Long Hindu time

One of the longest measurements of time appears in ancient Hindu scriptures: the mahā-kalpa, equal to 311.04 trillion years.

Brahma, by which long Hindu time is measured
Probably Nurpur, Punjab Hills, Northern India, Public domain, via Wikimedia Commons

Astronomical measurement and calculation have given us a pretty good idea of the age of the universe: approximately 13.7 billion years. That sounds like a lot, and it is a lot, but it’s tiny compared to the measures of time in Hindu cosmology.

Brahma (pictured above) is one of the three supreme divinities in many branches of Hinduism. Brahma is the creator, Vishnu is the preserver, and Shiva is the destroyer of the world. Through their efforts, the universe is made and unmade and made again in a perpetual cycle. And some Hindu texts put a deadline on that cycle of creation and destruction. A very long deadline.

To understand the scale here, we’re going to begin with the small cycles and work our way up. The Yuga Cycle represents the four ages of humanity. It begins with a golden age, the Satya Yuga, where truth and goodness reign supreme, disease is unknown, and all is well. After 1,728,000 years of this utopia, the world slips into the Treta Yuga. The world loses one quarter of its virtue and the sins of civilisation begin to rise… but it only lasts three quarters of the time (1,296,000 years). The Dvapara Yuga comes next. Now the world is half virtue and half sin, and it’s half the length of the golden age (864,000 years). Finally, we get to the Kali Yuga. It’s the worst, and it’s the shortest, and that’s the age we’re in now. Our current Kali Yuga began 5,122 years ago. But don’t worry, it’s scheduled to end in only another 426,878 years.

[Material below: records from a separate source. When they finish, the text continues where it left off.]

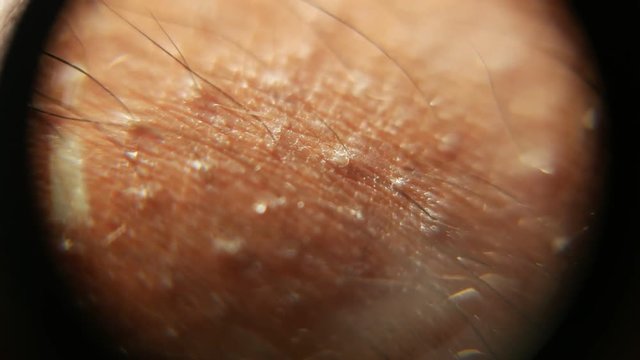 Close up of Human Skin Texture 

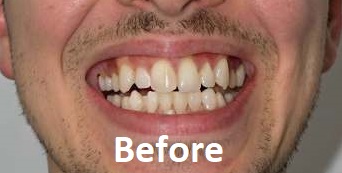 wisdom teeth removal before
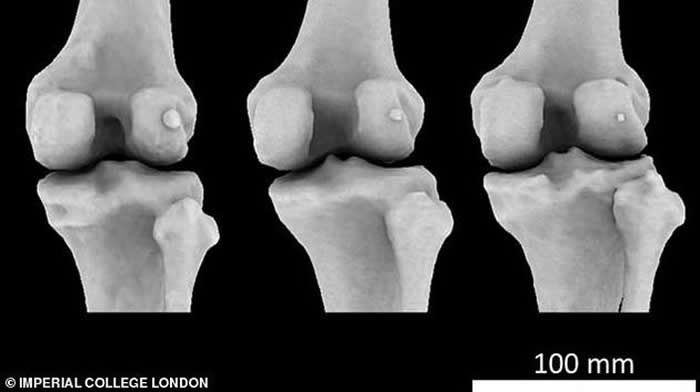 图中显示3个不同膝骨样本存在不同大小的豆骨。科学家发现1918年全球11.2%居民体内存在豆骨，但截至2018年，全球39%居民体内存在豆骨。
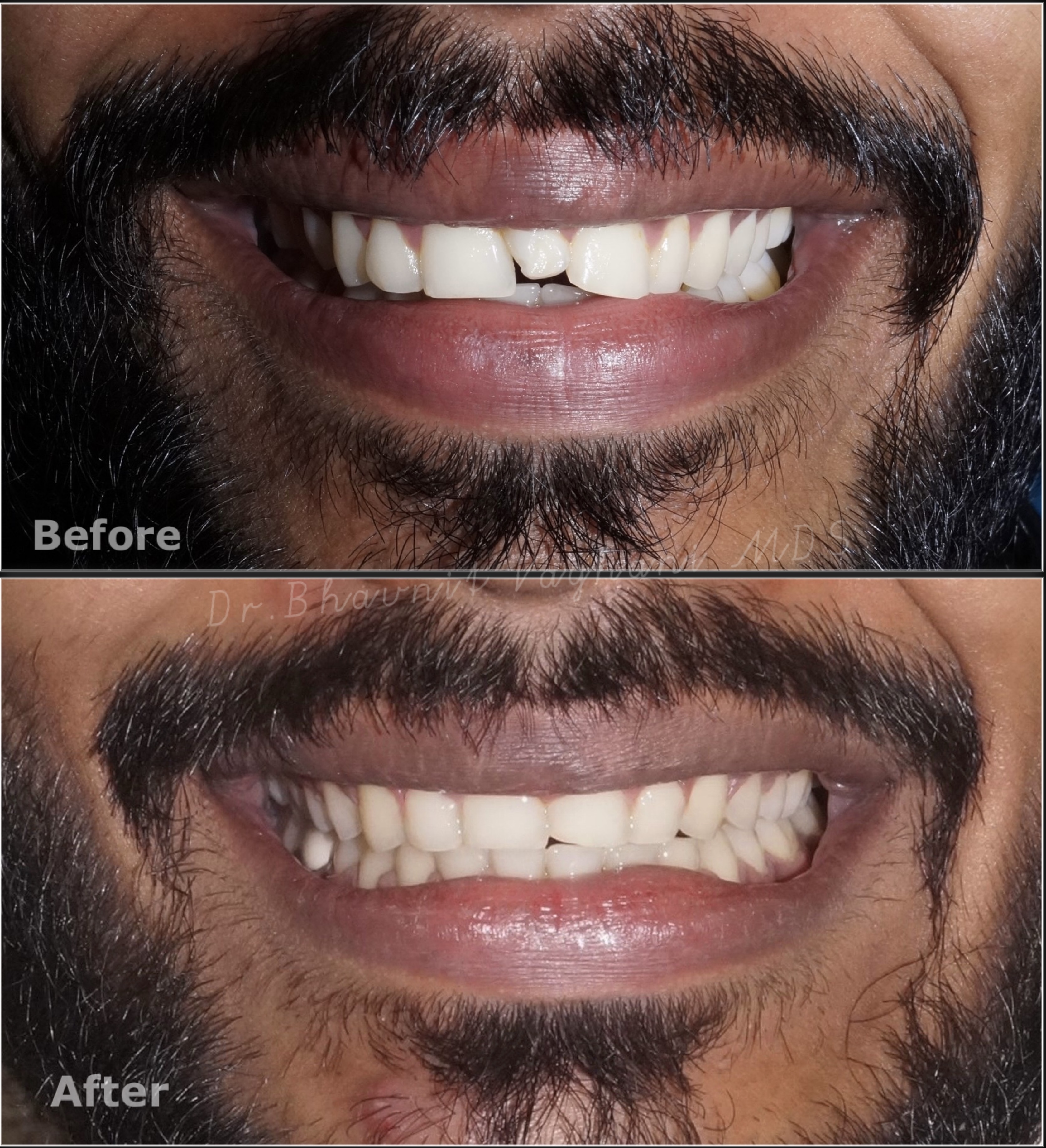 Extra Tooth & Alignment - Before & After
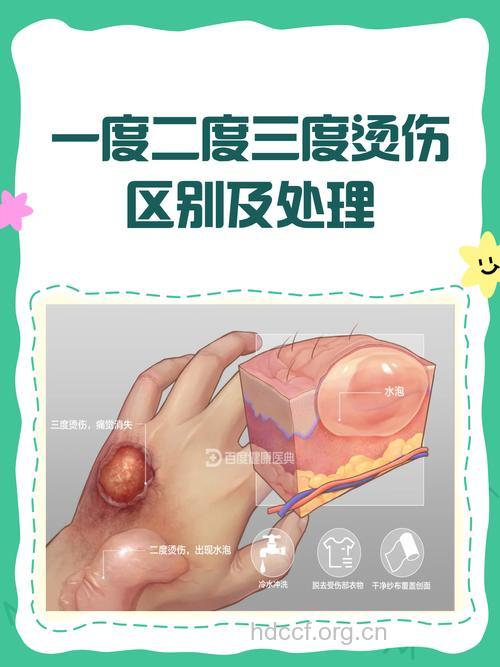 电烧伤有哪些病理原因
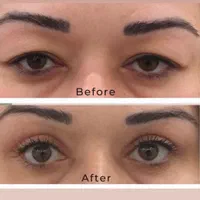 بلفاروپلاستی و رفع پف چشم ، لیفت شقیقه .جراح متخصص|خدمات آرایشگری و زیبایی|اردبیل, |دیوار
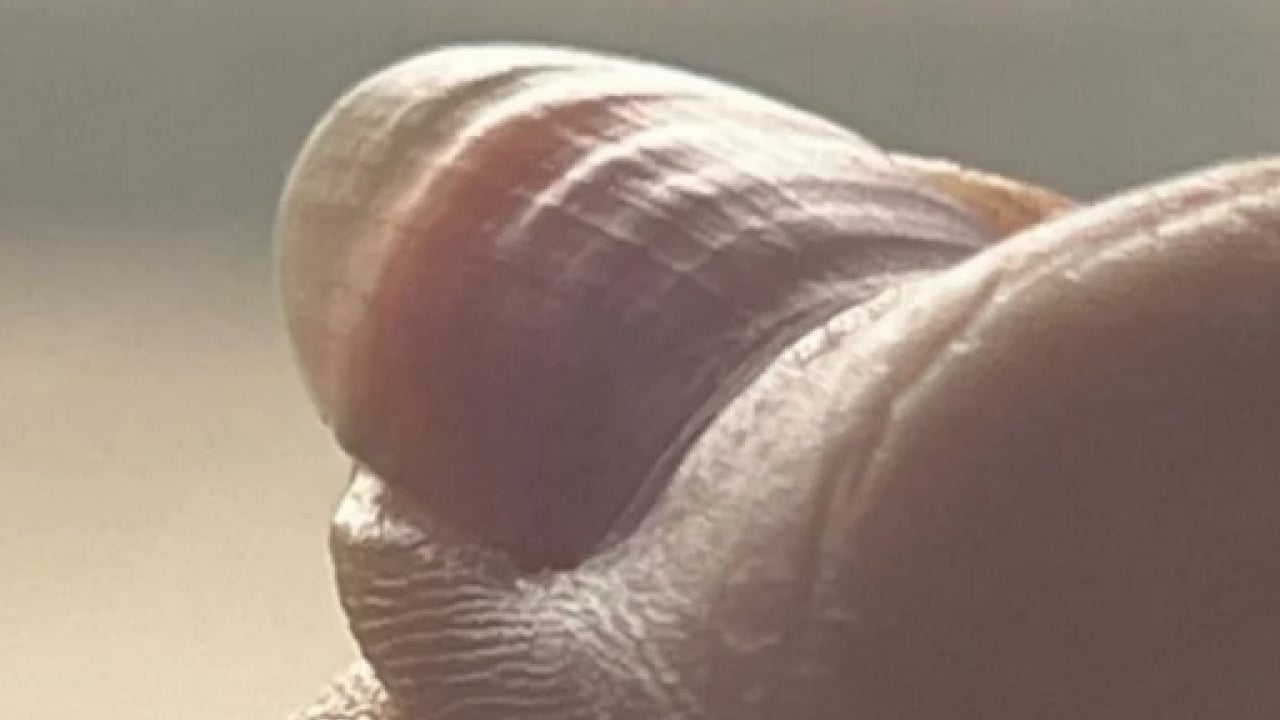 Foto - Bu uyarıya kulak verilmeli: Dalgalı tırnak bakın neyin habercisi! Vücut böyle alarm veriyor...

So, a full Yuga Cycle lasts 4,320,000 years, and they repeat over and over. But that’s just part of a larger cycle: the manvantara. Every seventy-one Yuga Cycles there’s an apocalyptic event (a Noachian flood). A new progenitor of humankind emerges, the Manu who guides humanity through the world’s destruction. We’re about halfway through our current manvantara. The whole thing lasts 306,720,000 years.

Manu and the flood
Unknown, Public domain, via Wikimedia Commons

Next cycle! Fourteen manvantaras, with a watery gap of 1,728,000 years between each of them, together make a kalpa. The kalpa lasts 4.32 billion years, and is followed by a pralaya of equal length. Together they represent another circle of global (or universal) creation and destruction. And this is where we finally get to Brahma, the creator god. One kalpa represents one day for Brahma. One pralaya represents one night for Brahma.

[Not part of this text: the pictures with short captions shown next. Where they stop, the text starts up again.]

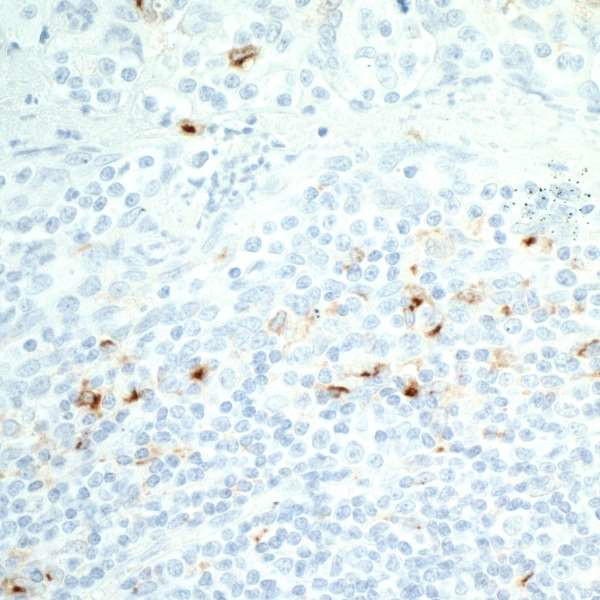 CD137 (4-1BB) Antibody in Immunohistochemistry (Paraffin) (IHC (P))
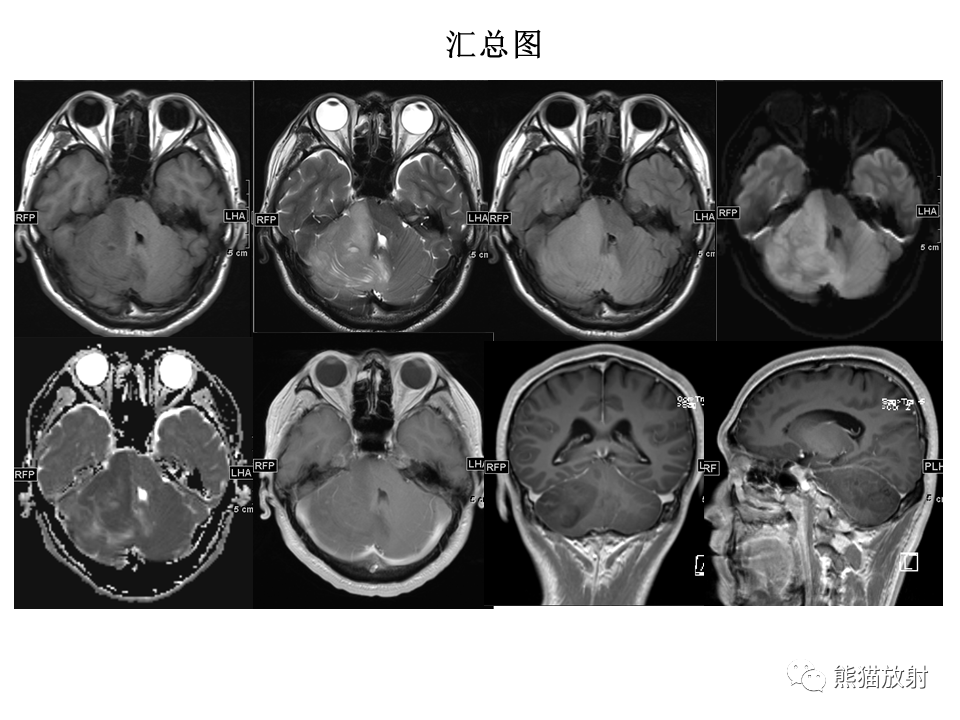 【PPT】小脑发育不良性神经节细胞瘤 VS 成人型髓母细胞瘤-26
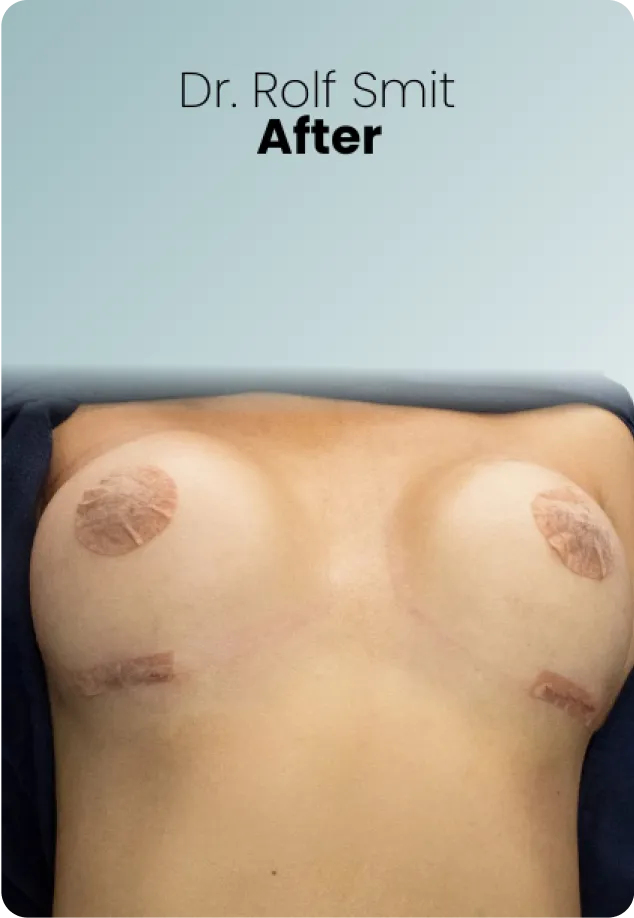 Breast Lift Augmentation Procedure Surgeon Queen Catalina Img14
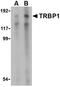 TAR (HIV-1) RNA Binding Protein 1 antibody, NBP1-76400, Novus Biologicals, Western Blot image 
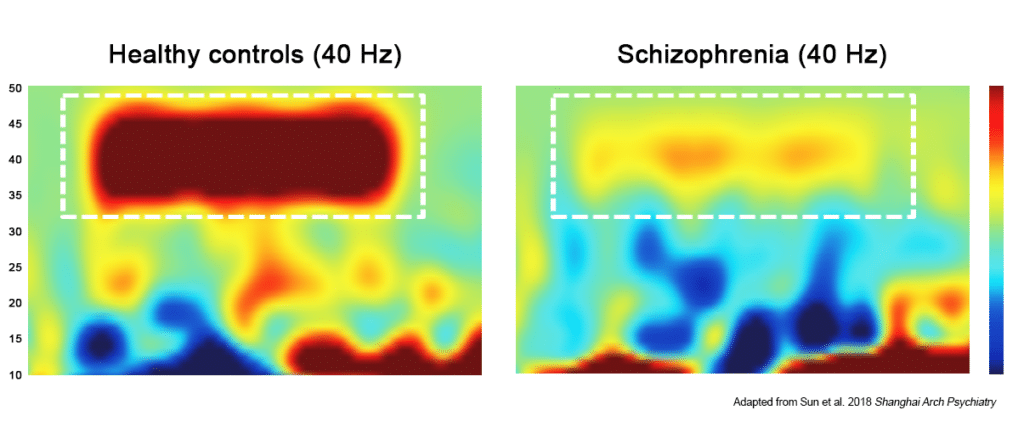 zhou-et-al-ASSR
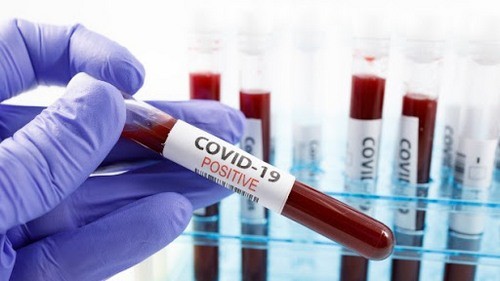 В Украине уже более 10 тысяч зараженных коронавирусом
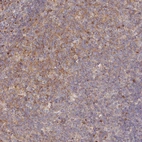 Immunohistochemical staining of human tonsil shows weak membranous and cytoplasmic positivity in germinal center cells.
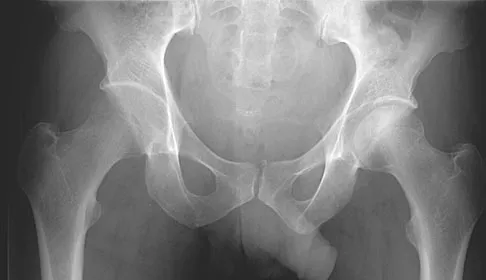 Hip & Knee Reconstruction Board Review 2007: High-Yield MCQs (Set 2) - Figure 14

You can probably guess where this is going. Thirty days and nights of Brahma equal a Brahma month, 259.2 billion years. Twelve months make a Brahma year, 3.11 trillion years. And Brahma’s full lifespan – the mahā-kalpa – is a hundred years for him, 311.04 trillion years for us.

According to Hindu accounts, Brahma is currently middle-aged. But when he finally ceases to exist another Brahma will emerge. The cycle of a human life, death, and rebirth is reflected and reflects greater and longer circles of creation and destruction – of civilisations, of epochs, of the world, and of the divine.